Give the lines below again, exactly as they stand, and leave out the images.
====== Data segment
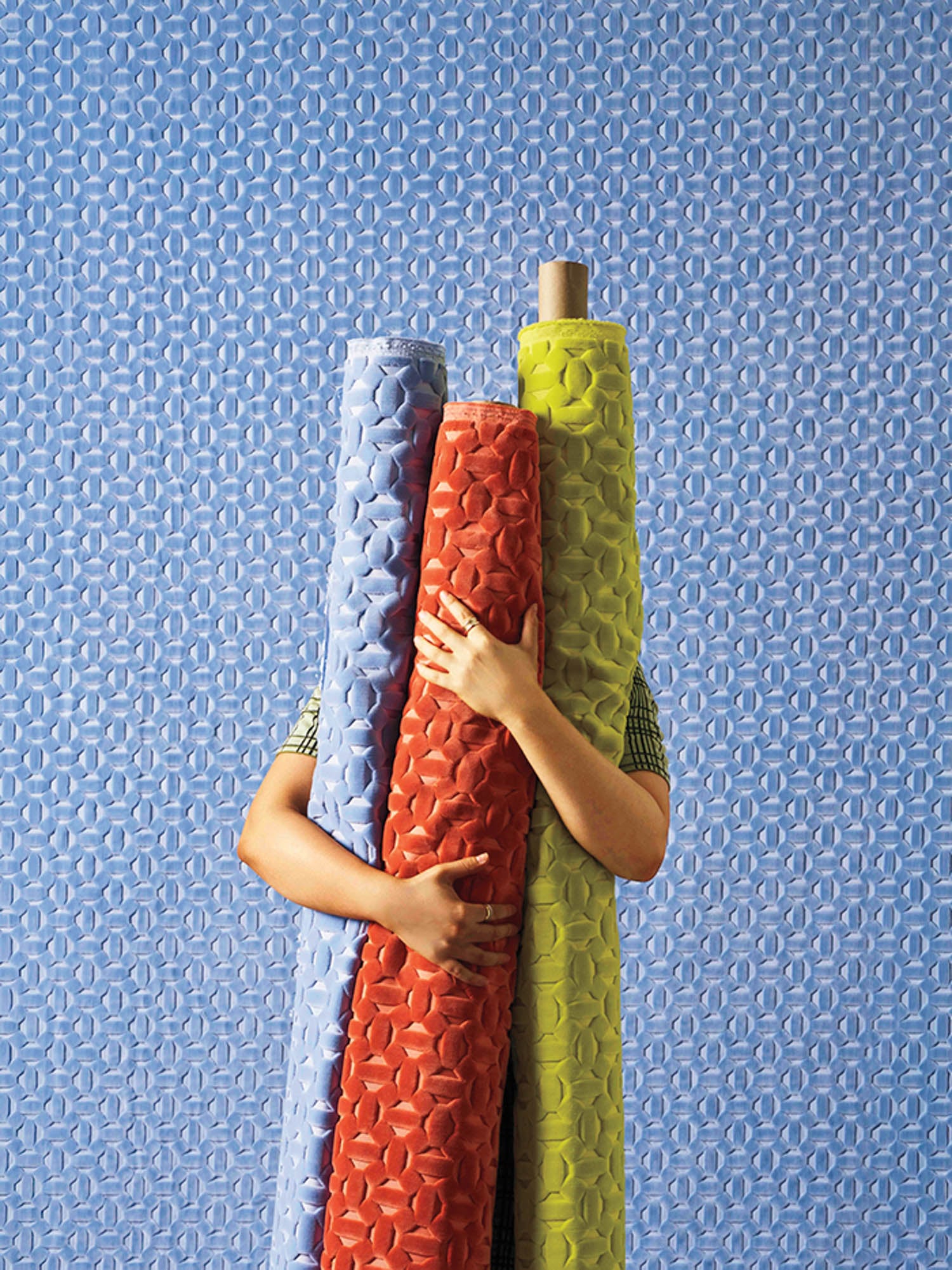 A person stands against a blue patterned wall, holding three large rolls of fabric in blue, red, and yellow, partially covering their body and face.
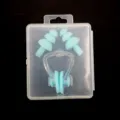 Silicone swim earplugs and nose clip detail view, soft waterproof gear in clear box. - Lake Blue
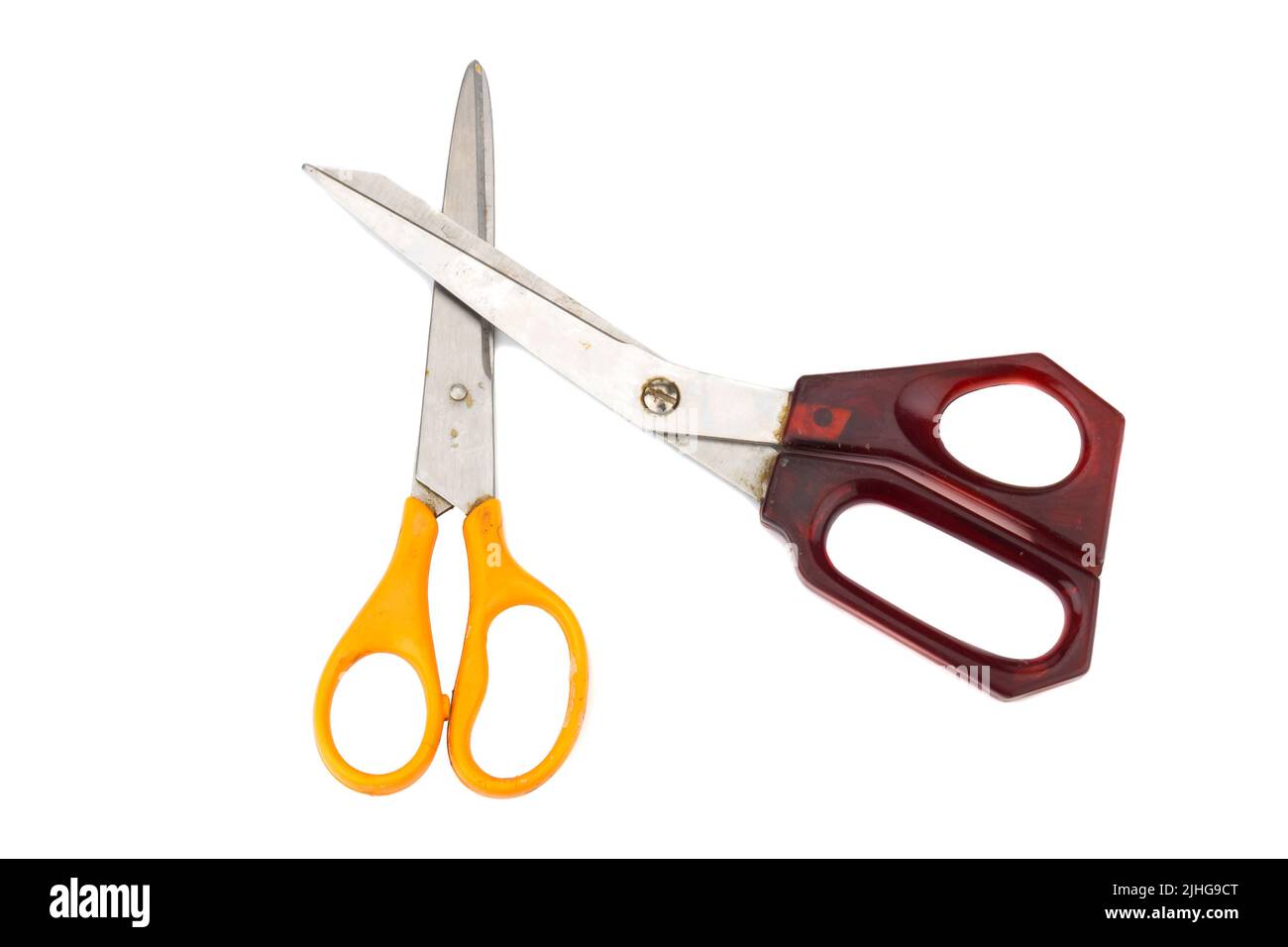 orange and red scissors. dirty. isolated on white background. Stock Photo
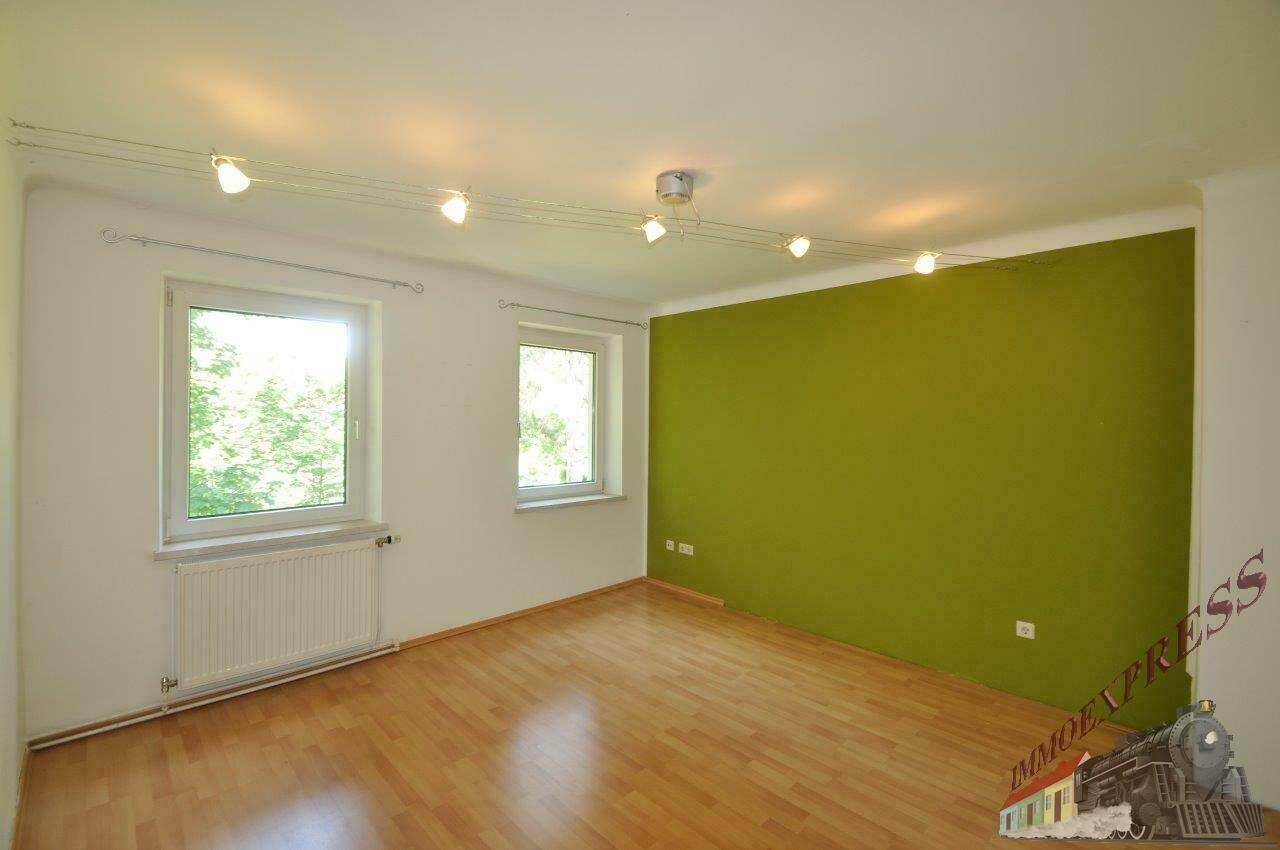 Helles Wohnzimmer mit grüner Akzentwand, Holzparkettboden und zwei Fenstern.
============
Answer box:
 A person stands against a blue patterned wall, holding three large rolls of fabric in blue, red, and yellow, partially covering their body and face.
 Silicone swim earplugs and nose clip detail view, soft waterproof gear in clear box. - Lake Blue
 orange and red scissors. dirty. isolated on white background. Stock Photo
 Helles Wohnzimmer mit grüner Akzentwand, Holzparkettboden und zwei Fenstern.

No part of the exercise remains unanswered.